From 97fbfac2d6c3cee4b8c0776970ad6ba79d8d381a Mon Sep 17 00:00:00 2001
From: ww <wuchxu521@163.com>
Date: Sat, 25 Apr 2026 16:21:07 +0800
Subject: [PATCH] =?UTF-8?q?fix(chat):=20=E6=A3=80=E6=B5=8B=E5=B9=B6?=
 =?UTF-8?q?=E6=8F=90=E7=A4=BA=E8=A2=AB=E9=9D=99=E9=BB=98=E5=90=9E=E6=8E=89?=
 =?UTF-8?q?=E7=9A=84=20run=20=E9=94=99=E8=AF=AF=20(#206)?=
MIME-Version: 1.0
Content-Type: text/plain; charset=UTF-8
Content-Transfer-Encoding: 8bit

当上游 hermes-agent 的 agent 层捕获了 LLM 错误（如无效 API key、
模型不被 provider 支持）后，gateway 仍会发送 run.completed 事件，
但 output 为空、usage 为零。

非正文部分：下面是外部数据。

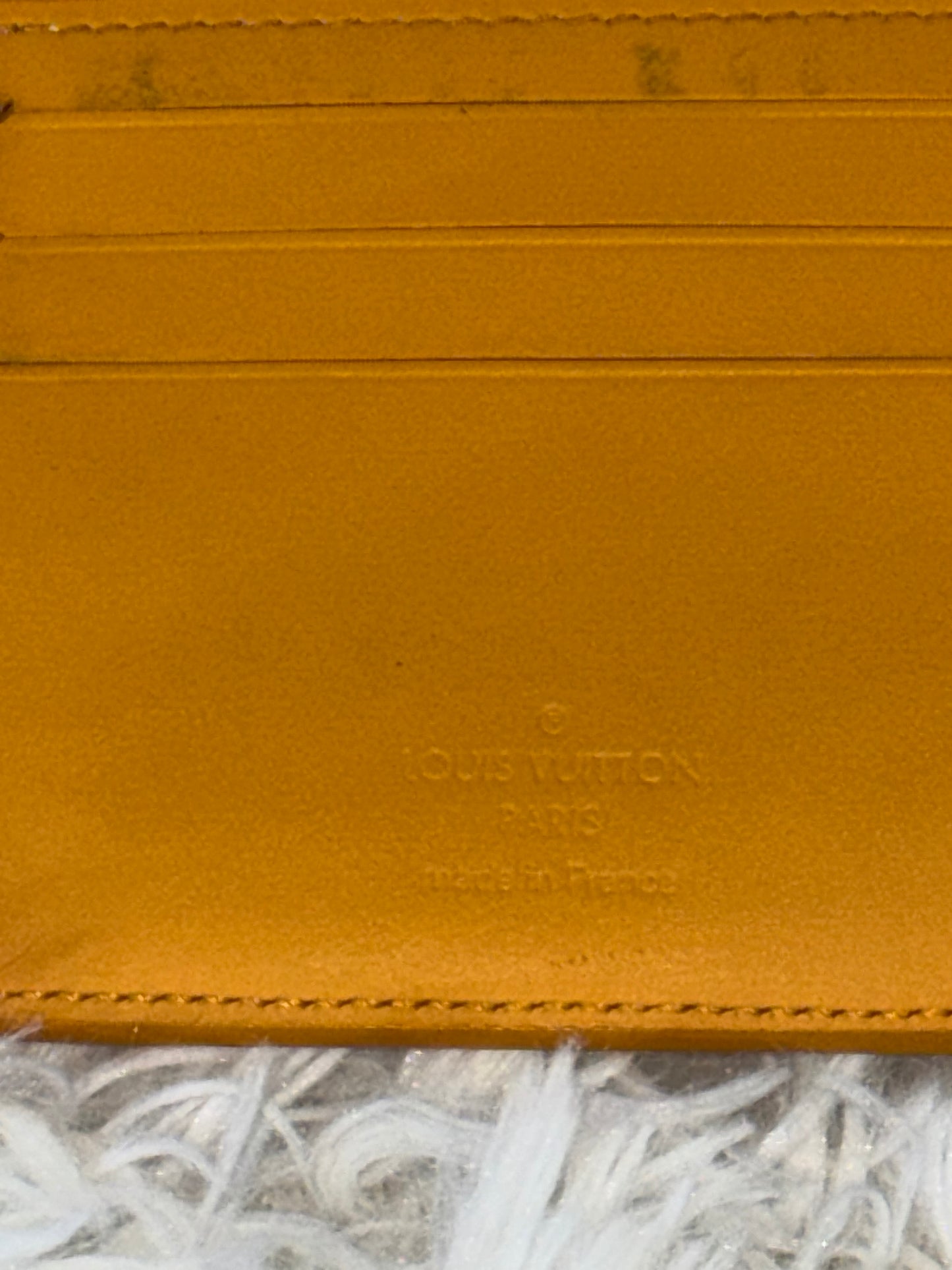 Louis Vuitton Yellow Aerogram Portefeuille Bifold Compact Wallet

前端因此误认为成功，UI 完全无任何
错误提示。

本次修复在 chat store 的 SSE 处理中加入两个 per-run 标志：
- runProducedAssistantText：仅 reasoning/thinking/message.delta 置位
- runHadToolActivity：仅 tool.started/tool.completed 置位

run.completed 时：
1. 兜底渲染：若本次 run 没有 assistant 文本但 evt.output 非空，
   将 output 作为 assistant 消息落盘（兼容某些只在 completed
   事件给出最终文本的 provider）。
2. 静默错误检测：若三者均不成立（无 assistant 文本 + 无 tool
   活动 + output 空），追加一条 system 消息提示用户检查
   hermes-agent 日志。usage=0 不再作为强条件，避免某些 provider
   或本地模型不返回 usage 时的误报。

api/hermes/chat.ts 给 RunEvent 增加 output 字段类型。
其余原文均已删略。